### Exercise
Could you please reproduce the entries exactly, leaving out any pictures?

### Given information

========

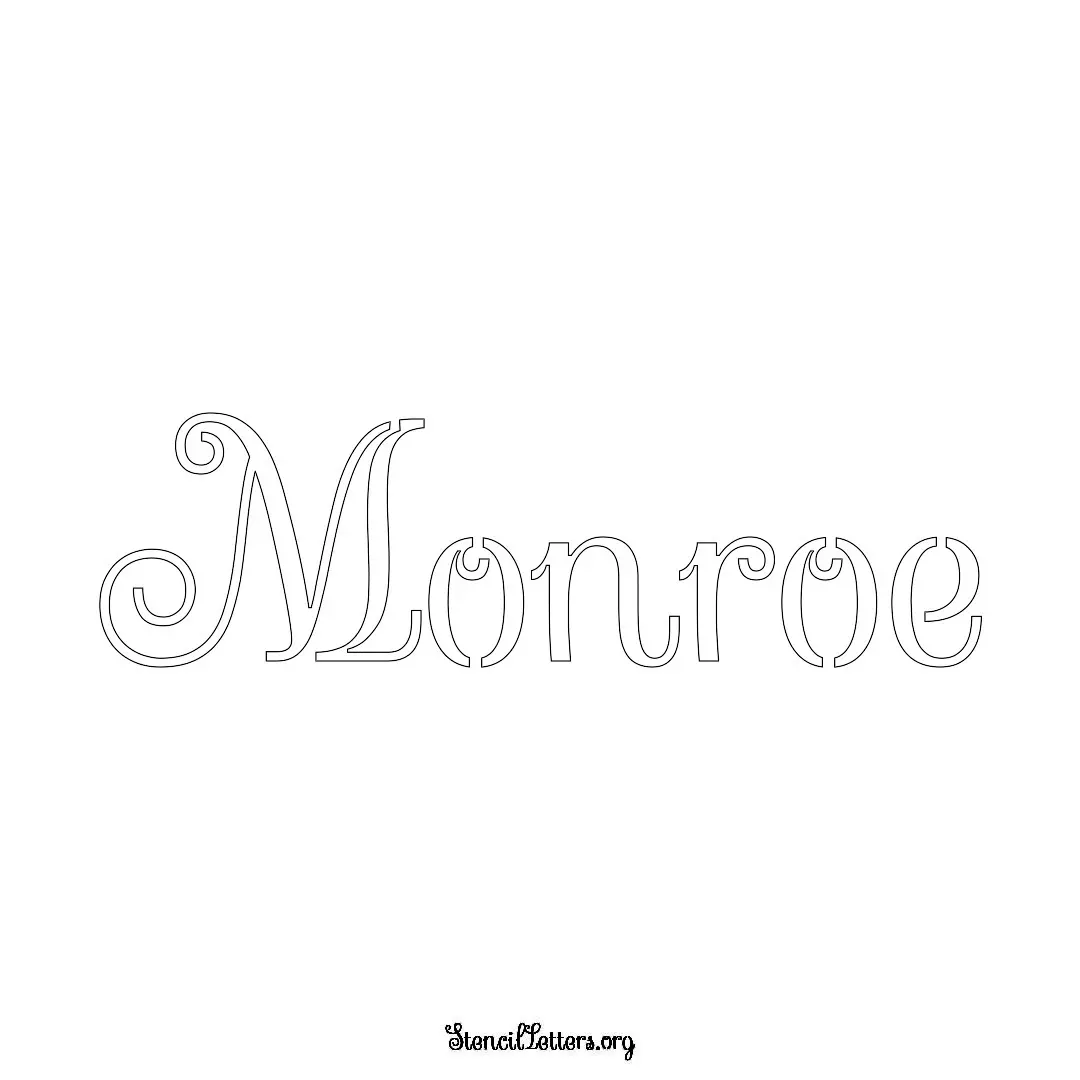 Monroe Free Printable Family Name Stencils with 6 Unique Typography and Lettering Bridges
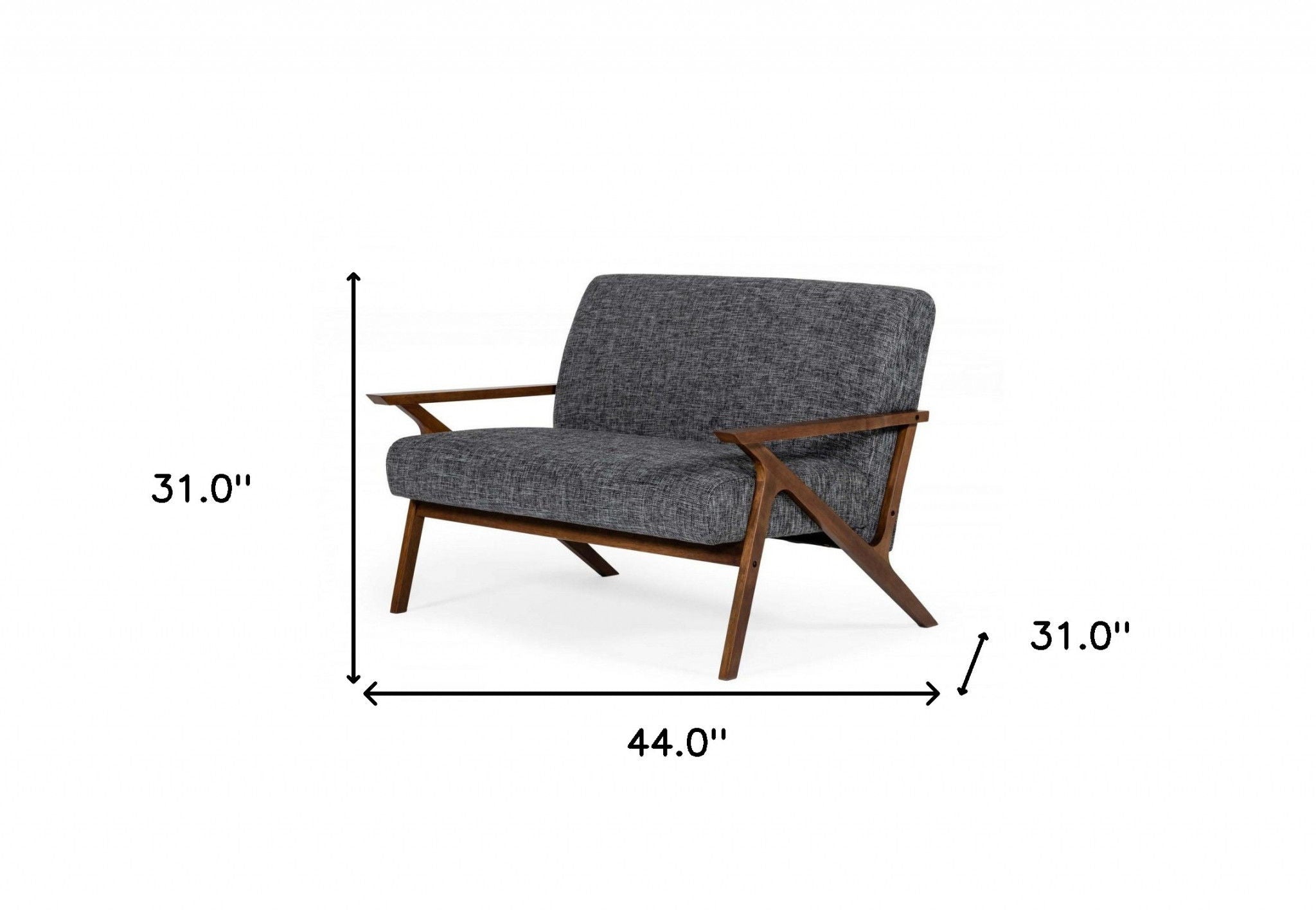 Compact Fabric And Walnut Veneer Loveseat - Gray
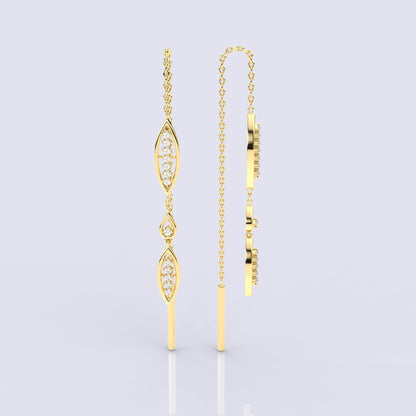 Tarlet Yellow gold Sui Dhaga 925 silver Earring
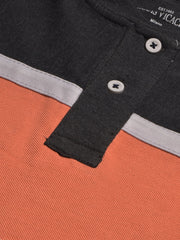 Louis Vicaci P.Q Long Sleeve Henley Shirt For Men-Charcoal Melange-BE953/BR13202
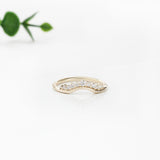 Stackable Curved Band with Earth Mined Diamonds in 14K Solid Gold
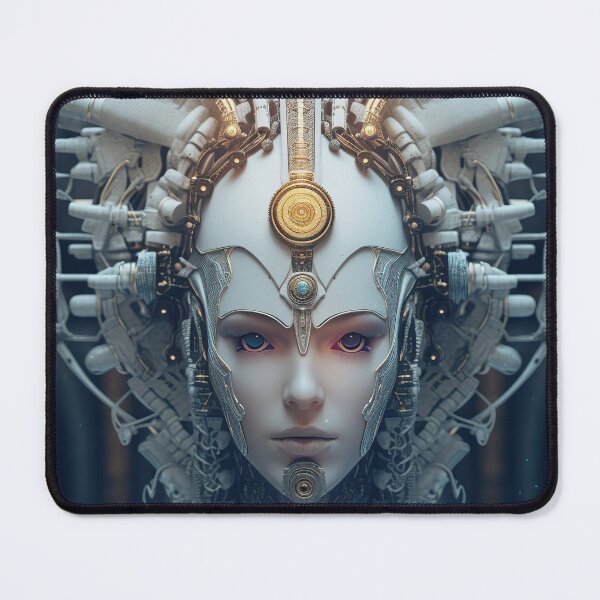 Item preview, The Goddess - Telepathic Techno Goddess in Cyberpunk Headdress - very high resolution, original artwork designed and sold by CloudofKnowing.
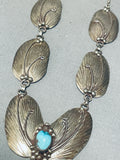 Signed And Detailed Vintage Native American Navajo Turquoise Sterling Silver Leaf Necklace-Nativo Arts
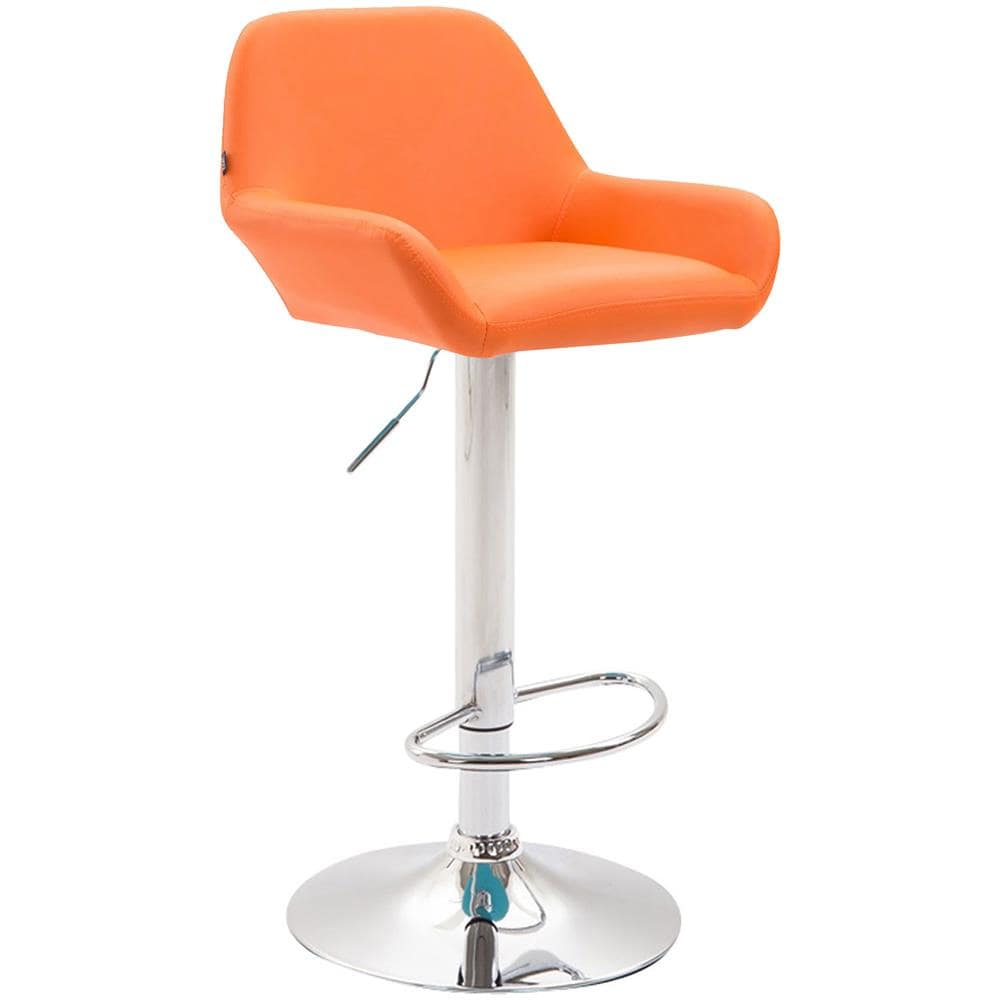 Sgabello Bar Braga in Similpelle - Sedia Cucina con Schienale e Braccioli Regolabile in Altezza - Sedia Sgabello Bancone Imbottita con Poggiapiedi Arancione Cromato - Foto 1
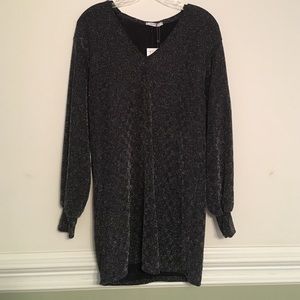 Flirty glittery black long sleeve dress size S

========

### Solution to the problem
 Monroe Free Printable Family Name Stencils with 6 Unique Typography and Lettering Bridges
 Compact Fabric And Walnut Veneer Loveseat - Gray
 Tarlet Yellow gold Sui Dhaga 925 silver Earring
 Louis Vicaci P.Q Long Sleeve Henley Shirt For Men-Charcoal Melange-BE953/BR13202
 Stackable Curved Band with Earth Mined Diamonds in 14K Solid Gold
 Item preview, The Goddess - Telepathic Techno Goddess in Cyberpunk Headdress - very high resolution, original artwork designed and sold by CloudofKnowing.
 Signed And Detailed Vintage Native American Navajo Turquoise Sterling Silver Leaf Necklace-Nativo Arts
 Sgabello Bar Braga in Similpelle - Sedia Cucina con Schienale e Braccioli Regolabile in Altezza - Sedia Sgabello Bancone Imbottita con Poggiapiedi Arancione Cromato - Foto 1
 Flirty glittery black long sleeve dress size S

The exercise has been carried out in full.